Scientific classification
- Kingdom: Animalia
- Phylum: Chordata
- Class: Mammalia
- Order: Chiroptera
- Family: Molossidae
- Genus: Cynomops
- Species: C. abrasus
- Binomial name: Cynomops abrasus Temminck, 1827

= Cinnamon dog-faced bat =

- Genus: Cynomops
- Species: abrasus
- Authority: Temminck, 1827
- Conservation status: DD

Species of bat

The cinnamon dog-faced bat (Cynomops abrasus), is a South American bat species of the family Molossidae. It is found in northern and central South America.

== Taxonomy ==
The bat belongs to the genus Cynomops, which was recently split from the genus Molossops.

There are four recognised subspecies:

- Cynomops abrasus abrasus (Temminck, 1827)
- C. a. brachymeles (Peters, 1866)
- C. a. cerastes (Thomas, 1901)
- C. a. mastivus (Thomas, 1911)

== Description ==
The dorsal fur is brown, dark brown or chestnut. The ventral fur is similar in color to the dorsal fur. A dense patch of fur is present on the wing, located on the top back third of the forearm and propatagial membrane. There is also a second patch of fur on the bottom, back three-quarters of the forearm that extends across the patagium near the wrist to the base of the fourth metacarpal. These patches are darker in color than the membrane.

The bats have a broad face with widely separated ears. There are no wrinkles on the lips. There is also no nose leaf present. The bats display sexual dimorphism. The average total length is 121.1 mm and the average tail length is 37.6 mm. The forearm length in males is 44.2-49.0 mm and in females it is 41.0-45.0 mm. The greatest skull length is 19.5-24.3 mm in males and 18.4-21.5 mm in females.

== Biology ==
The bat is insectivorous. They typically feed on hard-shelled insects.

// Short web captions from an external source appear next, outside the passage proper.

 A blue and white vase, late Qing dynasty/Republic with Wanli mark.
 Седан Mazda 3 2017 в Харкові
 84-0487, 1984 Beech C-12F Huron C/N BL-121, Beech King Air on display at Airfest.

== Habitat and distribution ==
The species is found on the eastern side of the Andes in northern Argentina, Bolivia, Brazil, Colombia, Ecuador, French Guiana, Guyana, Peru, Paraguay, Suriname and Venezuela. The bat is an open-air hunter and is limited to forests. It is found in high and dense forests in Argentina and near floodable lands in Paraguay.

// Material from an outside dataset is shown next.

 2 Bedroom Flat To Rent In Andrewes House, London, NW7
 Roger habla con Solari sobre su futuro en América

The bat roosts in colonies of up to 75 individuals. The bat roosts in decayed logs and hollow trees, and tends to pick relatively warm area to roost.

== Conservation ==
The bat is listed as data-deficient by the IUCN because of a paucity of records of the bat and the lack of knowledge about its habitat and status. The species could be threatened by deforestation occurring in its range.